While Democratic senators have been most outspoken in their opposition to Republican Gov. Mike Dunleavy’s proposed budget cuts, it’s the Republicans who control the Senate majority. Several Republican senators on the Finance Committee have expressed concerns. That committee has spent the most time on the budget since Dunleavy introduced it last month.
Key senators are weighing how they’re going to approach the budget. That could have a big impact on everything from what services the state offers to the size of permanent fund dividends.
For the past three weeks, the Senate Finance Committee has been reviewing Dunleavy’s budget.
Republican Sen. Click Bishop is on the committee. He lives a block from the University of Alaska Fairbanks and opposes the size of the cut Dunleavy has proposed for state university funding, equaling $134 million.
“It is a non-starter for me,” Bishop said. “I think we all need to take a step back and look at this problem and let data drive the discussion. And I just don’t think there was a lot of thought put into this cut.”
Bishop said the state should make major changes that will reduce spending. But he said Dunleavy’s budget has caused such a negative public reaction that it’s been difficult to concentrate on meaningful cuts. For that to happen, Bishop wants more research on the effect of possible cuts.

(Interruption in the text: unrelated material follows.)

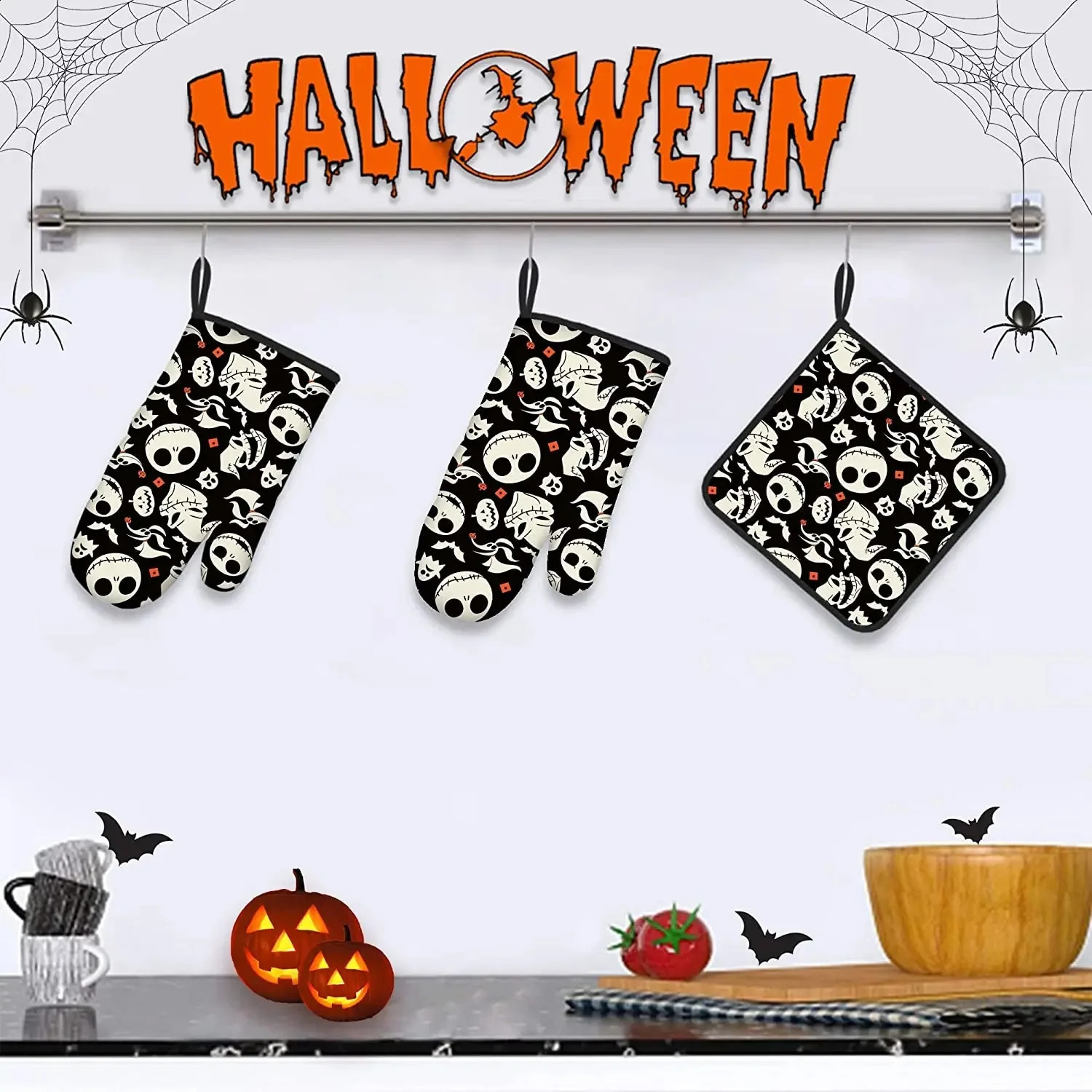 Halloween Oven Mitts and Pot Holders Sets Christmas Kitchen Heat Resistant Non-Slip Oven Gloves for Safe BBQ Cooking Baking 240826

Bishop still hopes lawmakers and the governor can reach agreement.
“I don’t think really at the end of the day anybody wants to get down to where it’s a bare-knuckles, in-the-mud barroom fight over this budget,” he said.
Soldotna Republican Sen. Peter Micciche said the size of Dunleavy’s proposals has started an important conversation. And he said it requires those opposed to the cuts to come up with alternatives.
But Micciche said he wants to hear from the people who will have to implement the cuts mapped out by the governor’s Office of Management and Budget.
“My impression is that OMB found some big numbers and plugged them into a budget, and now we’re hoping that the commissioners can come forward and discuss attainable reductions while still delivering the services required by the little blue book — the Constitution — to deliver,” he said. “And what we’re seeing is a clear disconnect between those that are required to deliver the services and those that produce the budget.”
Micciche said it’s going to take compromise, both on the part of the 60 legislators and the governor.
“What that means is we have to work together,” he said. “And that means that it doesn’t get to be exactly the way I want it to be. And I’m not going to quit, and I’m not going to go home and take my toys with me when it doesn’t work out. Politics is the art of what’s possible.”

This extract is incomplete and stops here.